A wave of interest for the third generation of integration standards coincides with relatively recent theoretic developments in the holistic approaches to IT architecture of an enterprise. Even though models for every integration concern were standardized, there’d still be too many disparate, yet overlapping concerns that an enterprise have to deal with.
To illustrate the point, consider the notion of purchase. The physical product being procured may have manifestations in multitude of different aspects of an enterprise whilst still maintaining its identity. First, a purchase order for a product is received by the vendor using some sort of supply chain integration, possibly via ebXML, and an invoice is sent back. Second, an inbound payment is being acknowledged by a bank and reported to the company via SWIFT MT message. Third, an inventory tracking system is told to deduce the number of items in stock. Finally, a shipping is agreed upon with a courier service. And there might be some automated regulatory reporting involved if, say, a product is subject to export restrictions or special export VAT rate. Data related to the same physical item is being exchanged through these integration points, but they have widely varied and even mutually inconsistent understanding of what the item is.
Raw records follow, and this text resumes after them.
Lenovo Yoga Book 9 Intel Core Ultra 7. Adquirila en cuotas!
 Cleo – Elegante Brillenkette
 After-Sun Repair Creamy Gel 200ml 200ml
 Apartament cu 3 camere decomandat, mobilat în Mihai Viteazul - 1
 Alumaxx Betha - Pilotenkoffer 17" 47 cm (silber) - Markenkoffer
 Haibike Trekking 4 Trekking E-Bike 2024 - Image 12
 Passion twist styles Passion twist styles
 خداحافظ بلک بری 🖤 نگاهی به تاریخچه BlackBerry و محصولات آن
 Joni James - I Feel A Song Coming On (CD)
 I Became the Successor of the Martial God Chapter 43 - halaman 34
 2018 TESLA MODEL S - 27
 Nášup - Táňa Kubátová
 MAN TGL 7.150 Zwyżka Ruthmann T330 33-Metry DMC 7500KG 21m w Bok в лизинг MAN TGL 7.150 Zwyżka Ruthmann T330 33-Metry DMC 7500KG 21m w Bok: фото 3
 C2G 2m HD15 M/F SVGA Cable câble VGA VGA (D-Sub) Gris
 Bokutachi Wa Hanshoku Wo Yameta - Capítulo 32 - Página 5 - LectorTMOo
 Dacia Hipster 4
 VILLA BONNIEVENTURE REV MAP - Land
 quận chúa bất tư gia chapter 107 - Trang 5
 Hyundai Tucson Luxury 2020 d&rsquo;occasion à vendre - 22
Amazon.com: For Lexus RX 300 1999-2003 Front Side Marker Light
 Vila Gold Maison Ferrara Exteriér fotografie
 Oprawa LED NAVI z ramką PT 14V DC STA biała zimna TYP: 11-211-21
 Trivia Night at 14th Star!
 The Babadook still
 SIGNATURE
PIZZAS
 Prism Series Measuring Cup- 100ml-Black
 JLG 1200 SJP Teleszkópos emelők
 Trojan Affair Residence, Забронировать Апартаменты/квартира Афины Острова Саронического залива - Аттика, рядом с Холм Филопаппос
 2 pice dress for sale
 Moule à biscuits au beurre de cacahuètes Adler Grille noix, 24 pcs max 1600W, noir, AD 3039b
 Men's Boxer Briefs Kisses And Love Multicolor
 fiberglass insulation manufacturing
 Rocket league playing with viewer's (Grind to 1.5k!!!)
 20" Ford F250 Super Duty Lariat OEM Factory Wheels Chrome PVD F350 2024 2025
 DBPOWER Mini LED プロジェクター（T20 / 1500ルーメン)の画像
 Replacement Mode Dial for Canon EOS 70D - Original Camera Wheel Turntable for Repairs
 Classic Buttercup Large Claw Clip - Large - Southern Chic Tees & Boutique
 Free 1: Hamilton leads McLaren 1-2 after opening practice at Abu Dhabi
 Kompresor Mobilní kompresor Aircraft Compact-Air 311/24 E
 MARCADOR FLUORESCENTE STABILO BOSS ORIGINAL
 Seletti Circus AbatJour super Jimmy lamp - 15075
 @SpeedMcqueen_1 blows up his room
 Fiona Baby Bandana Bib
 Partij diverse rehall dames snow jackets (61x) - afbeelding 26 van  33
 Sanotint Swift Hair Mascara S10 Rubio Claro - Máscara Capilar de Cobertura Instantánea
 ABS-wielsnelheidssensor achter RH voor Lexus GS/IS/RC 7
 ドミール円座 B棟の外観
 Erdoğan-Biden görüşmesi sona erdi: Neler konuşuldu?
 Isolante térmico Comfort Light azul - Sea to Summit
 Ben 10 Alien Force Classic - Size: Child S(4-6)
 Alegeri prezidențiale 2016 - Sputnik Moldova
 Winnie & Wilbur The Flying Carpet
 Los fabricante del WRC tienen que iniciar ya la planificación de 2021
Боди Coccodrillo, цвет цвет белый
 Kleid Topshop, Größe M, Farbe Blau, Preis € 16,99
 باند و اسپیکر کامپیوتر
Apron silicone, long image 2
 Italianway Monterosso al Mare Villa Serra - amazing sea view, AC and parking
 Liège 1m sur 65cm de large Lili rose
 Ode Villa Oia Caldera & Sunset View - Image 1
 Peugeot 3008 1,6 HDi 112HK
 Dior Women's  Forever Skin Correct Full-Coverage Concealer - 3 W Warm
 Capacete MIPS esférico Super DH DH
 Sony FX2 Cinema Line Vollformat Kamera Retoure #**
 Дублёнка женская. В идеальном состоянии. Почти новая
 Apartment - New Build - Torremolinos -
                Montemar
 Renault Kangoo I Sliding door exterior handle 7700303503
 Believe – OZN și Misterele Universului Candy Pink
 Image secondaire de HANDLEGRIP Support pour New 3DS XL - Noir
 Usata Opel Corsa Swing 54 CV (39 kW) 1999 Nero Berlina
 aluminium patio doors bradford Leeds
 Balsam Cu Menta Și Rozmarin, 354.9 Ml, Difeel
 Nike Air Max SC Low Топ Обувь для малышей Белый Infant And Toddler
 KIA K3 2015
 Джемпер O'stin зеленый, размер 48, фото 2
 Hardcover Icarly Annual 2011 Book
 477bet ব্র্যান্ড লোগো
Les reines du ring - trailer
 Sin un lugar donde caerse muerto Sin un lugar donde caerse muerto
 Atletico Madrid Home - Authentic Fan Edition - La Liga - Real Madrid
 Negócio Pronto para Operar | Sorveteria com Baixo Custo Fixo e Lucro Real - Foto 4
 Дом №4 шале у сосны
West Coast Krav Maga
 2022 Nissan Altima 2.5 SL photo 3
Therefore, someone somehow still have to bridge all those differences between disparate domains, by implementing and maintaining fairly sophisticated EAI logic that have to cater for such obscure things as partial payments, returns, bulk and repeating orders, lost shipping, claims, reconciliation, and things like that.
Third-generation integration standards offer an answer for this challenge, that is the standardization of semantics, i.e. converging on a common meaning of elements belonging to disparate underlying models of all involved integration standards. Such standards usually start with agreeing on a particular upper ontology that describes general categories of being such as time, space, math, physics, and then producing an unambiguous specifications of all relevant models using a formal notation, which is quite commonly based on first-order predicate calculus. In other words, natural language specifications of first- and second-generation integration standards are rewritten in a logically rigorous way, e.g. in a form of, say, RDF triplets. Considering all above, probably the best way to refer to the third generation as semantics-based integration standards.
Considering amount of effort required to rewrite and reconcile differences between disparate integration domains, it is not surprising that third-generation standards are still in their infancy. However, there are few prominent attempts that slowly getting traction at least in certain industries. As far as I know, the most well-developed one is ISO 15926: Industrial automation systems and integration — Integration of life-cycle data for process plants including oil and gas production facilities. Despite its confusing name, it’s actually contains a full-blown upper ontology of 201 elements describing all categories that are arguably sufficient to construct any practically required. As of now, ISO 15926 standard is primarily used by manufacturing organizations to share and hand over specifications for engineering artifacts and components, but there are few interest groups working toward applying the standard to other domains.
Needless to say, third-generation standards indeed look promising. However, having recently got an exposure to post-structuralist thinking I’ve obtained a new perspective on things that make me feel incredulity toward the possibility of an overreaching third generation integration standard. But this is something I’m going to address as a separate post.